• Data section:
....
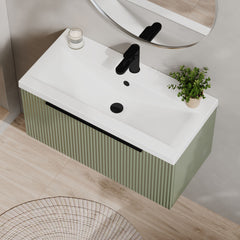 [BFFF896AH226] Tixall Fluted Front Wall Hung Vanity Basin Unit 800mm - 1 Drawer - Lifestyle 2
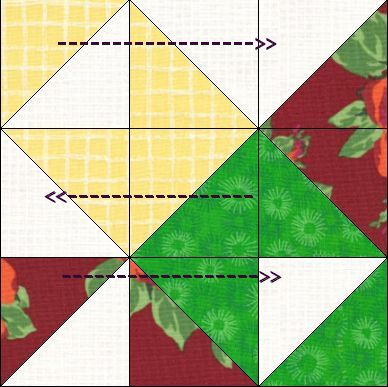 Summer Poppies Quilt Section showing pressing instructions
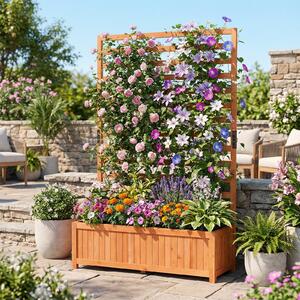 Costway Letto da giardino rialzato in legno con traliccio verticale fodera e drenaggio, Fioriera elevata per interno esterno patio balcon Arancione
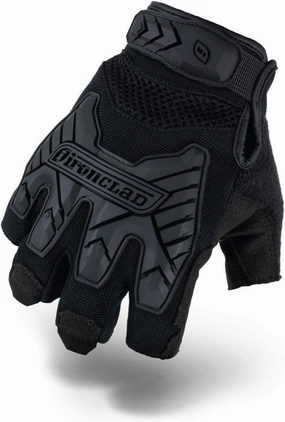 Ironclad IEXT-FIBLK-03-M Tactical Fingerless Impact Glove Black, Medium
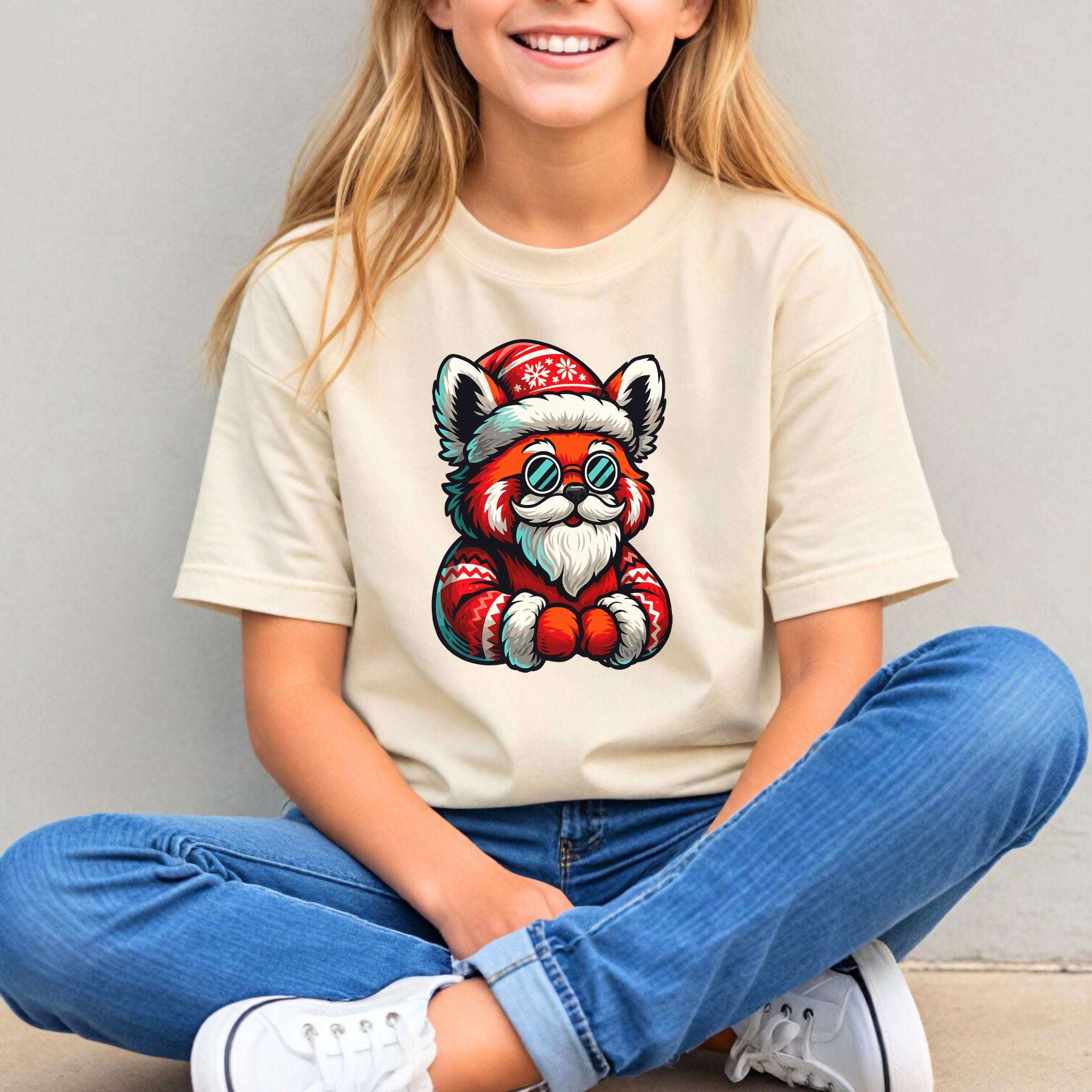 Red Panda Claus Kids T-Shirt – Funny Cool Santa Christmas Tee, Youth Tee
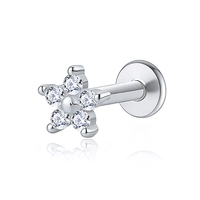 S925 Sterling Silber Spiralblumen-Knorpelohrringe, Zirkon-Stern-Ohrstecker, Flachboden-Piercing-Stift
....
• Required work:
A faithful copy of each entry is required, and no picture may be carried into it.

• Finished task:
 [BFFF896AH226] Tixall Fluted Front Wall Hung Vanity Basin Unit 800mm - 1 Drawer - Lifestyle 2
 Summer Poppies Quilt Section showing pressing instructions
 Costway Letto da giardino rialzato in legno con traliccio verticale fodera e drenaggio, Fioriera elevata per interno esterno patio balcon Arancione
 Ironclad IEXT-FIBLK-03-M Tactical Fingerless Impact Glove Black, Medium
 Red Panda Claus Kids T-Shirt – Funny Cool Santa Christmas Tee, Youth Tee
 S925 Sterling Silber Spiralblumen-Knorpelohrringe, Zirkon-Stern-Ohrstecker, Flachboden-Piercing-Stift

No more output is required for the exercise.